Pseudabutilon umbellatum

Pseudabutilon umbellatum (L.) Fryxell

Synonym: Abutilon umbellatum

Family: Malvaceae

Habit: Pseudabutilon umbellatum grows as a shrub to 1.5 m in height. The leaves are arranged alternately, ovate (sometimes slightly 3 lobed), to 15 cm in length, with a crenate leaf margin, acute/acuminate leaf apex and cordate leaf base.  The leaves have stellate pubescence and there are stipules.

The complete, perfect, actinomorphic flowers are in corymbs or umbels in axillary and terminal groups. They are subtended by bracts.  The peduncle and calyx are pubescent. The calyx has 5 partially fused green sepals. The corolla has 5 unfused yellow petals.  There are numerous stamens fused together around the style in a column.  The pubescent ovary is superior with numerous locules and numerous seeds.  The fruit is a loculicidal capsule with each carpel having an apical spine. 

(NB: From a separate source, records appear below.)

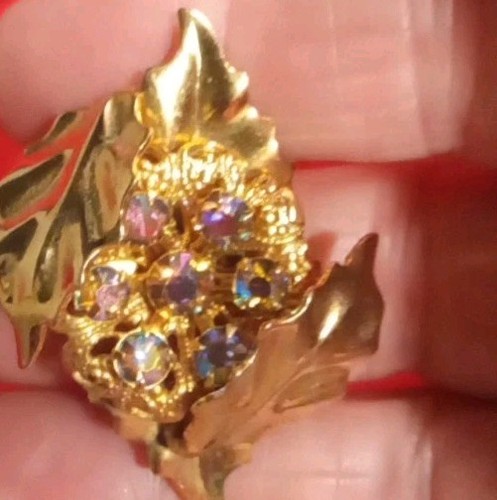 Two Pair Vintage Clip On Earrings Fall Leaf Motif - Picture 9 of 14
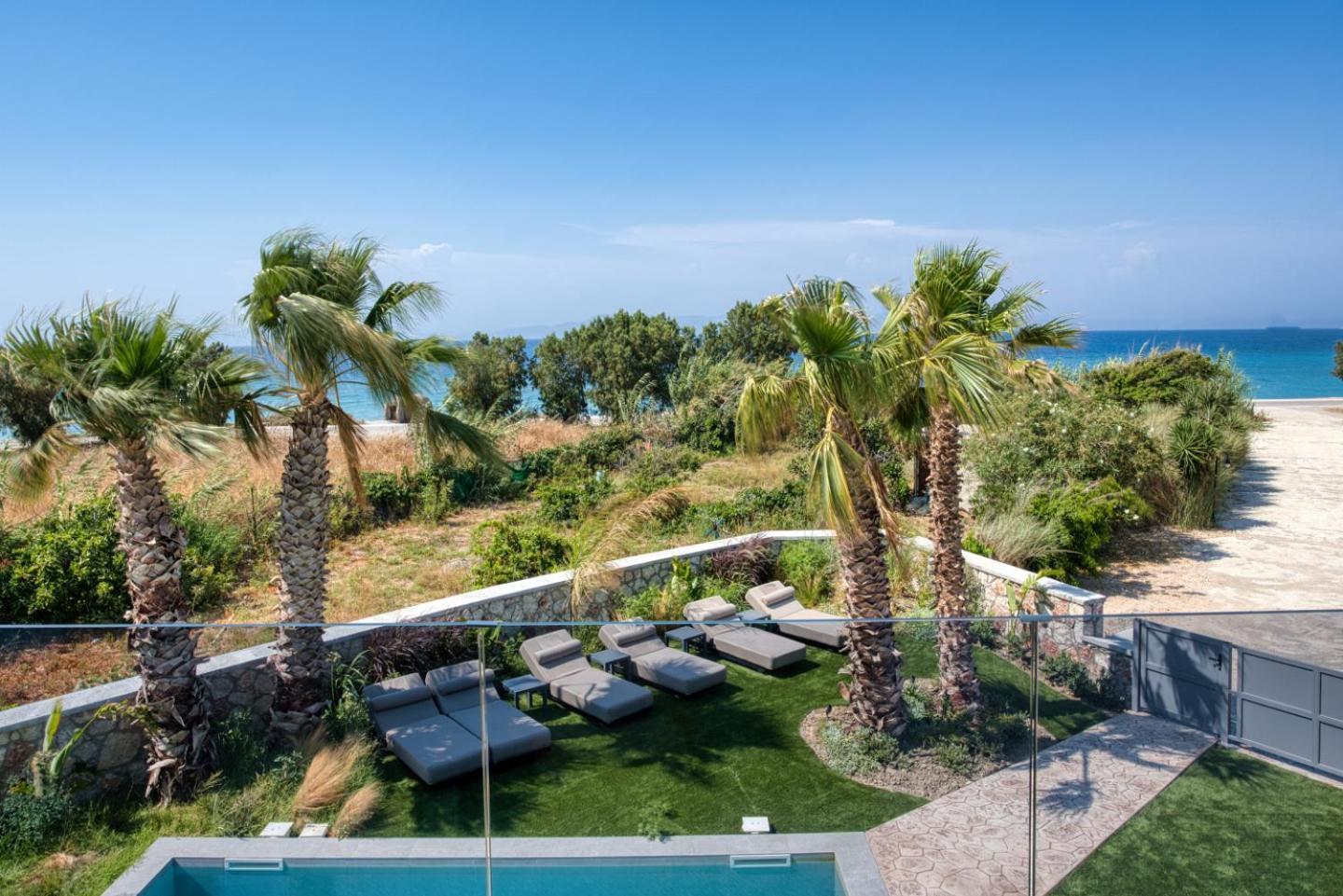 Penelope Beachfront Villa Kremastí Exterior foto
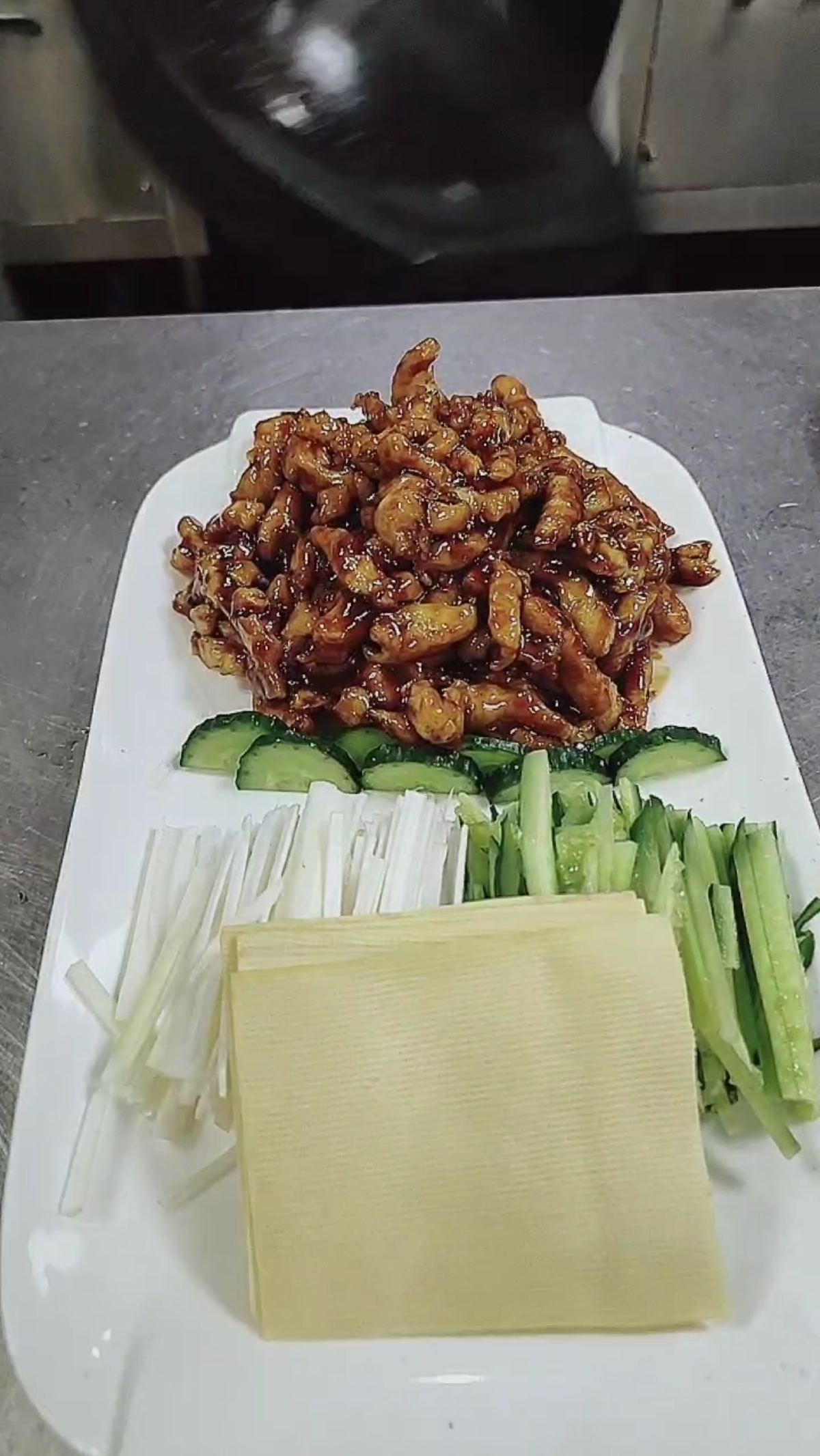 #不可辜负的美食#京酱鸡丝只有来北京才能吃到,非常美味。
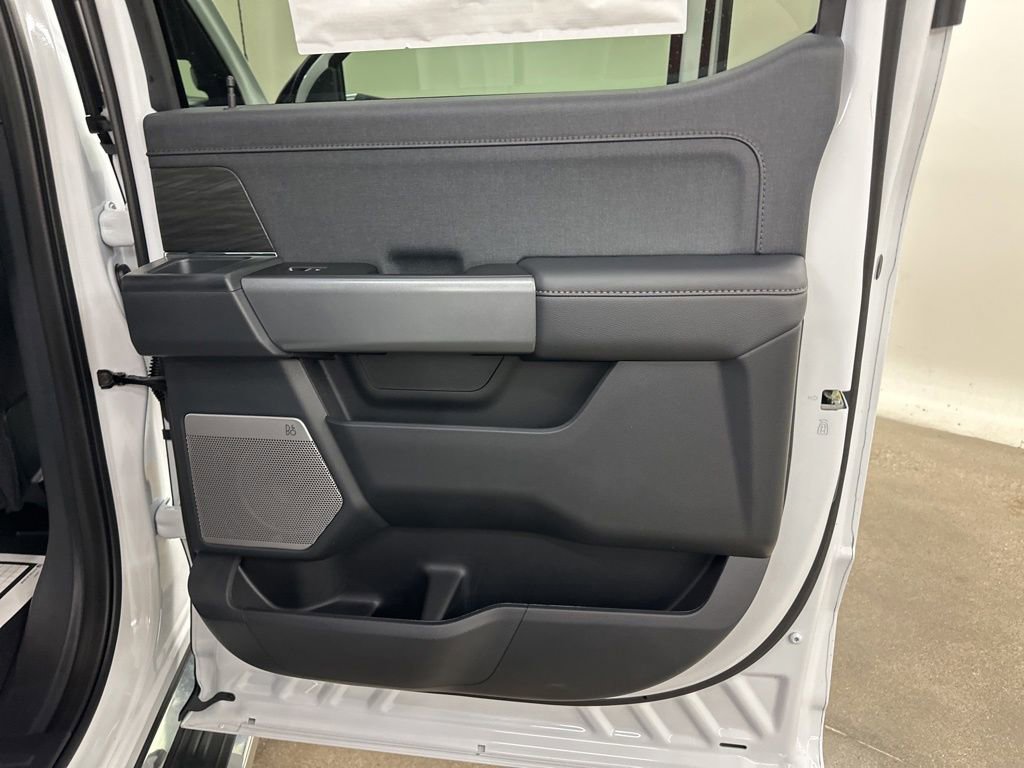 New 2025 Ford F150 Lariat w/ Equipment Group 501A Mid image 21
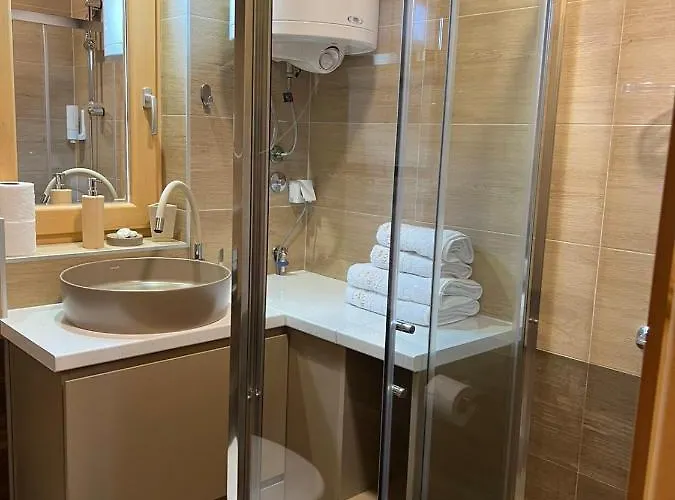 Apartament The Crown *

Habitat: Pseudabutilon umbellatum grows in Human Altered environments (yards, disturbed areas, old fields) and sandy areas.

Distribution: Pseudabutilon umbellatum occurs in the south and central island groupings of the Lucayan Archipelago, the Caribbean region and Central and South America.

Medicinal/Cultural/Economic usage: Pseudabutilon umbellatum is not known to be used medicinally in the Bahamas.